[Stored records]
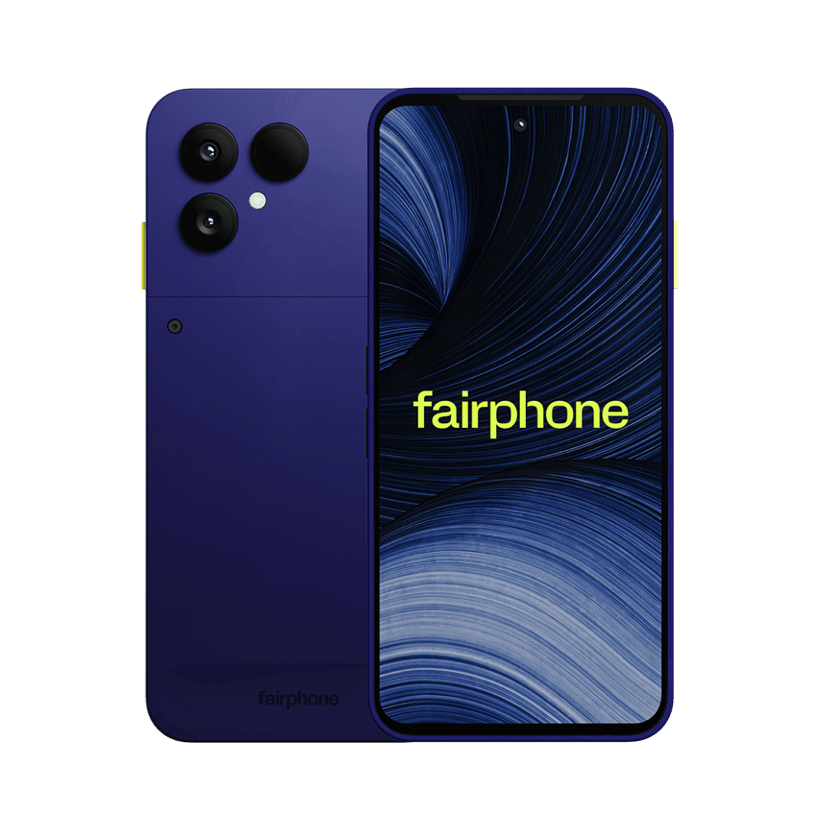 Fairphone 6+ 256GB Sininen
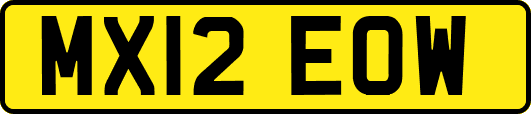 MX12EOW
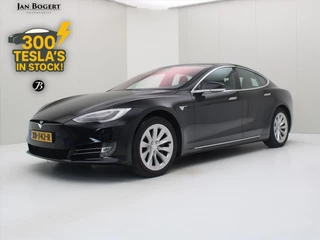 Tesla Model S Tesla Model S 75D 75 kWh AWD [LUCHTVERING+CRUISE+476pk+PANO+CAMERA+STUURVERWARMING]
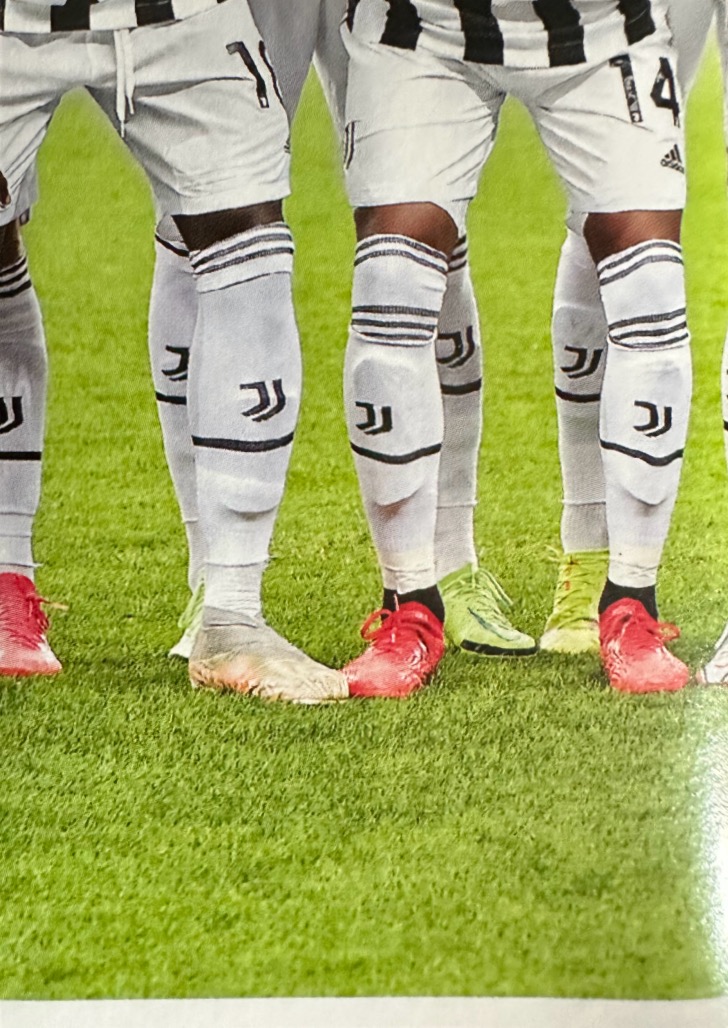Juventus Europublishing 2021/22 - scegli figurina 1-100 - Picture 10 of 95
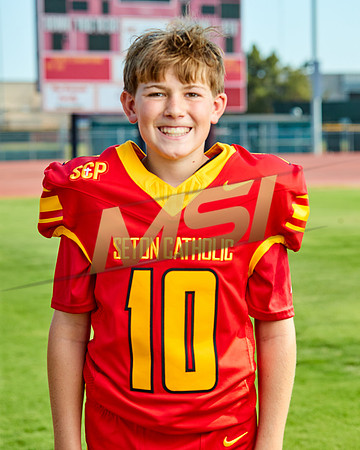 Seton Catholic Preparatory 2026 Seton Football T&I Media Day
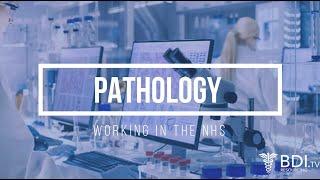 Pathology in the NHS | BDI Resourcing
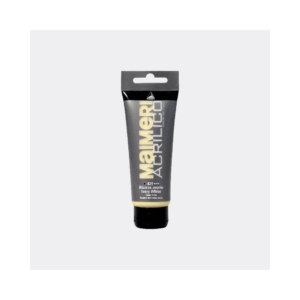 Colore acrilico Maimeri in tubetto 75 ml Bianco Avorio - M0916021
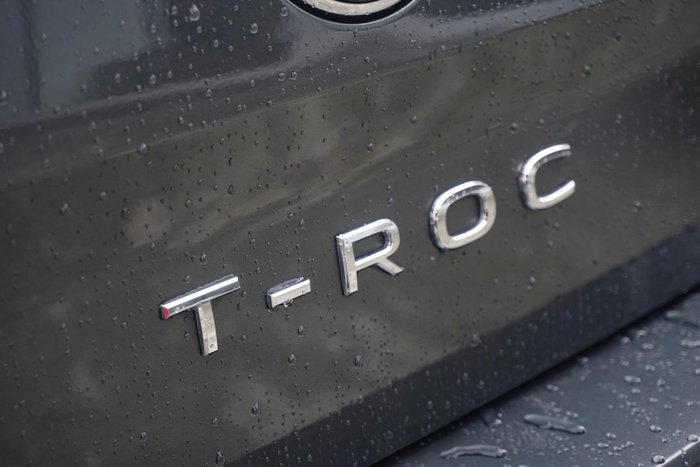 2022 Volkswagen T-Roc 140TSI R-Line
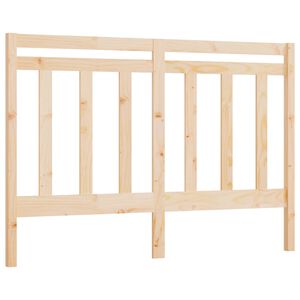 vidaXL Čelo postele 166 x 4 x 100 cm masivn&iacute; borovice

■ Try it
Each record above should be duplicated word for word, with no pictures included.

■ Solution to this problem
 Fairphone 6+ 256GB Sininen
 MX12EOW
 Tesla Model S Tesla Model S 75D 75 kWh AWD [LUCHTVERING+CRUISE+476pk+PANO+CAMERA+STUURVERWARMING]
Juventus Europublishing 2021/22 - scegli figurina 1-100 - Picture 10 of 95
 Seton Catholic Preparatory 2026 Seton Football T&I Media Day
 Pathology in the NHS | BDI Resourcing
 Colore acrilico Maimeri in tubetto 75 ml Bianco Avorio - M0916021
 2022 Volkswagen T-Roc 140TSI R-Line
 vidaXL Čelo postele 166 x 4 x 100 cm masivn&iacute; borovice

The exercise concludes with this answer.